Climbing phase is configured to make the airplane reach the mission altitude after the takeoff.




Climbing phase panel

Line Attraction indicates how strongly the aircraft tries to reach a path (climb path in this case). For airplanes, this value is normally kept between 20 and 40.

Set Speed is the speed that will maintain the airplane during climbing (in this case 20 [m/s] is a good value).

In Climbing phase, the aircraft reaches the mission altitude by performing a spiral route. In order to determine the correct path must be set five different parameters:

  • Radius is the spiral radius
  • Altitude is the height from the ground which must be reached by plane
  • Distance is the distance measured between the starting point of the Climbing phase and the center of the spiral
  • Flight-path Angle is the angle between the path line and the ground reference
  • As final point is possible to decide the rotation direction (counterclockwise or Clockwise)

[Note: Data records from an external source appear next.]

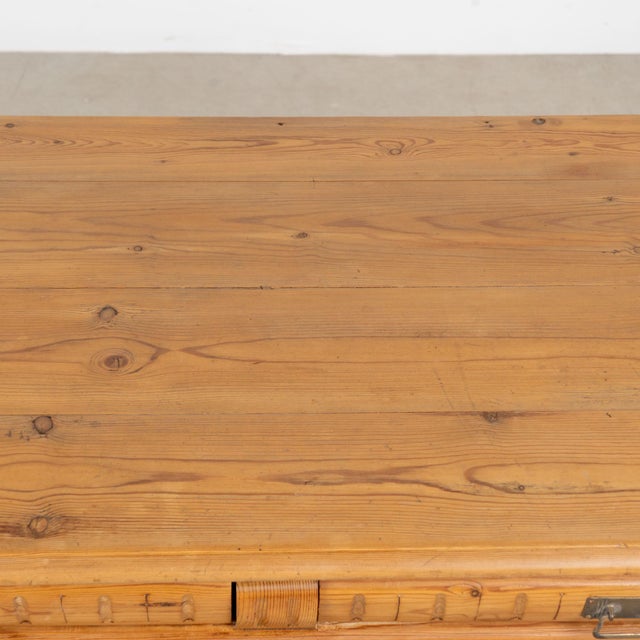 19th Century Danish Pine Sideboard With Carved Panel Doors For Sale - Image 6 of 17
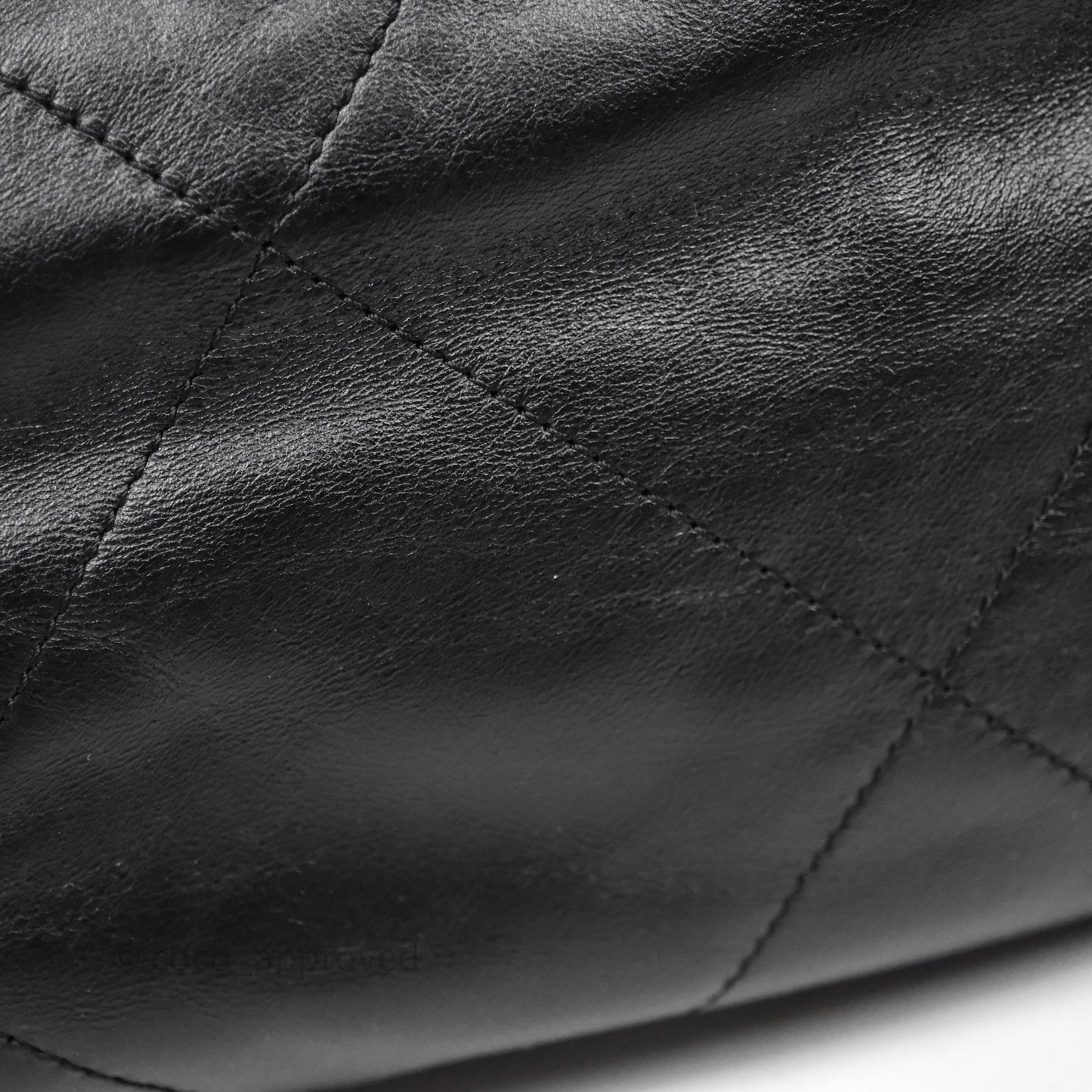 Chanel 22 Medium Calfskin Quilted Backpack Black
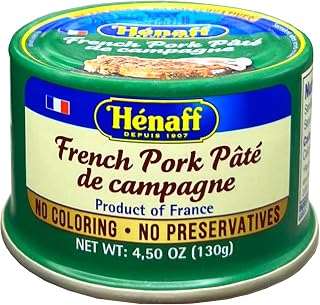 Hénaff French Pork Pâté de Campagne - Authentic Rustic Country Pâté 130g Charcuterie Essential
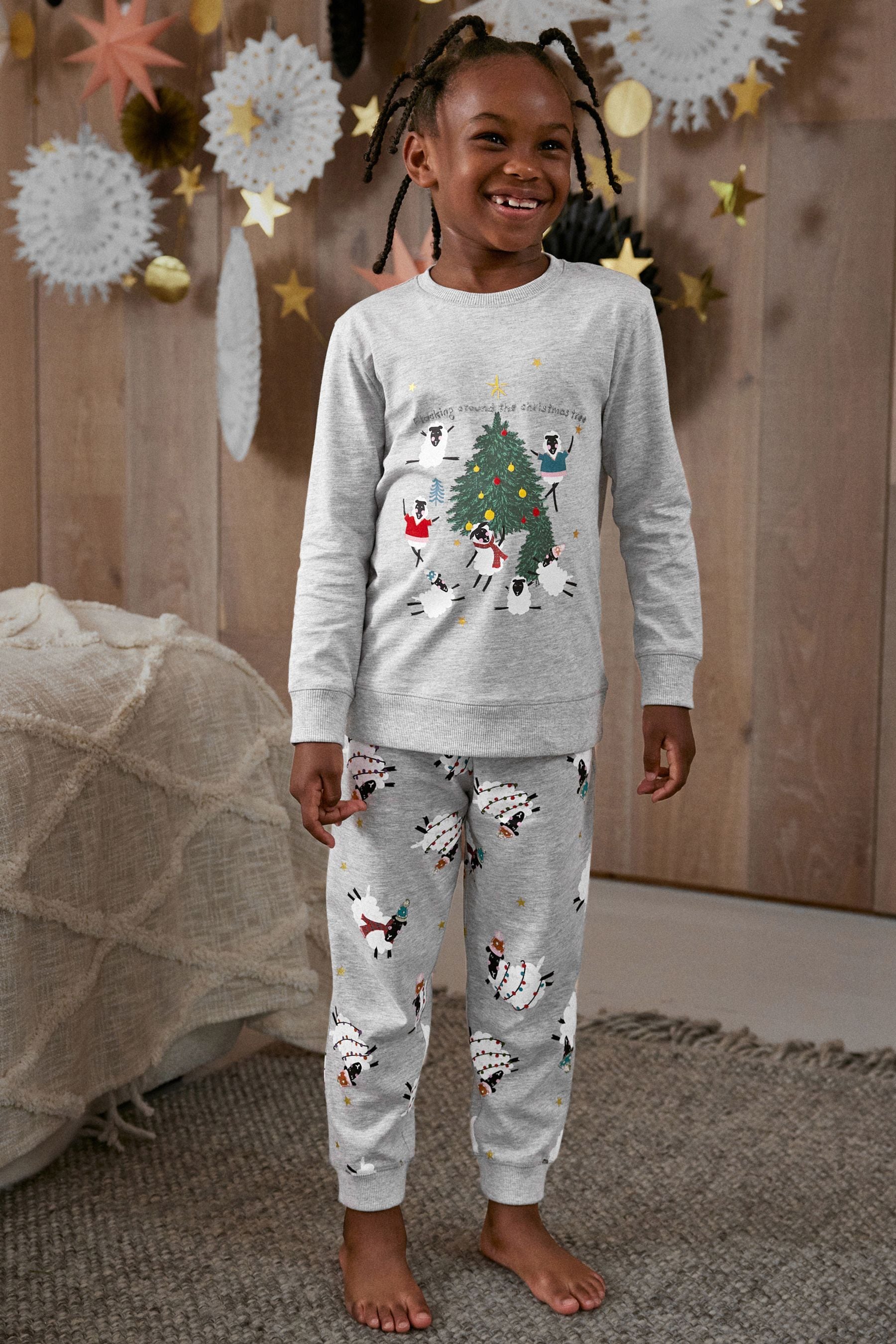 Buy Grey Sheep Matching Family Older kids Jersey Pyjamas 9mths 16yrs 9mths 16yrs from Next Luxembourg
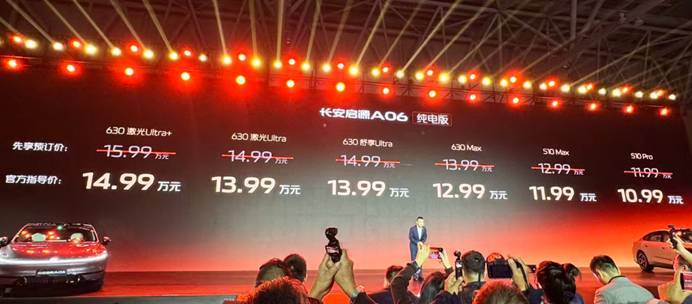 上市既爆款!长安启源A06正式上市指导价10.99万起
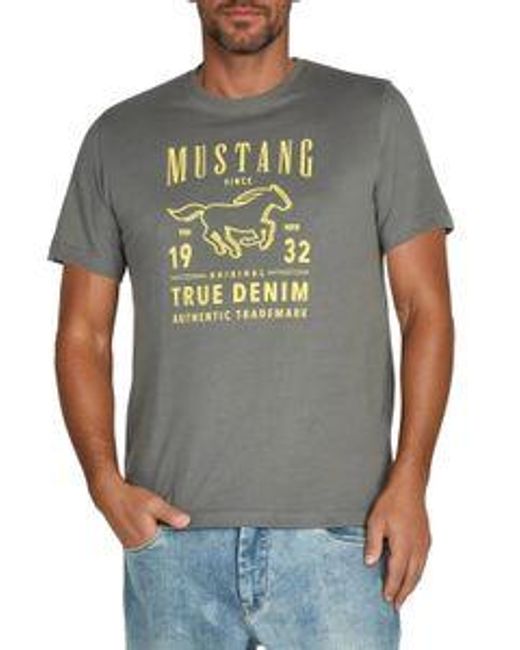 Mustang T-Shirt in Blue für Herren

In Cruise phase, the Guidance is a “Cruise”. It means the only parameter to set is the Cruise Speed and in this case, a good value is 20 [m/s].


Cruise phase panel



Hold phase panel

In Hold phase, the Guidance is a “Hold” of three variables:

  • Desired Pitch at 0
  • Desired Roll at 0
  • Desired I.A.S. (Indicated Air Speed) kept to a constant value of 20 [km/h]

It means the aircraft will maintain this attitude until the next phase change.



Landing phase panel

In Landing phase are set:

  • Line Attraction (see Climbing) kept at 20
  • Set Speed fixed at 18 [m/s]
  • Runway is defined by fixing longitude, latitude and WGS84 (Elevation above the Earth ellipsoid) of two points on the map. They represent the runway limits. By clicking on the satellite picture is possible to define the points directly on the map.


Runway definition

Furthermore, in order to correctly set the approach, can be fixed some more parameters:

  • Loiter Descending allows defining a point which will be the center of the descent spiral
  • Flight-path Angle is the angle between the path line and the ground reference
  • Margin and Reverse Margin
  • Horizontal distance for descending
  • Radius of head turn
  • Radius of helix


Flare phase allows defining a point or a zone near the runway where the aircraft will perform a pitch angle change (nose-up) in order to modify its attitude before the touchdown and avoid a possible crash due to a nose-ground direct contact.

The Guidance is a Hold of Desired AGL (Above Ground Level) set to 0 [m], and a Runway which defines the runway position (see Landing).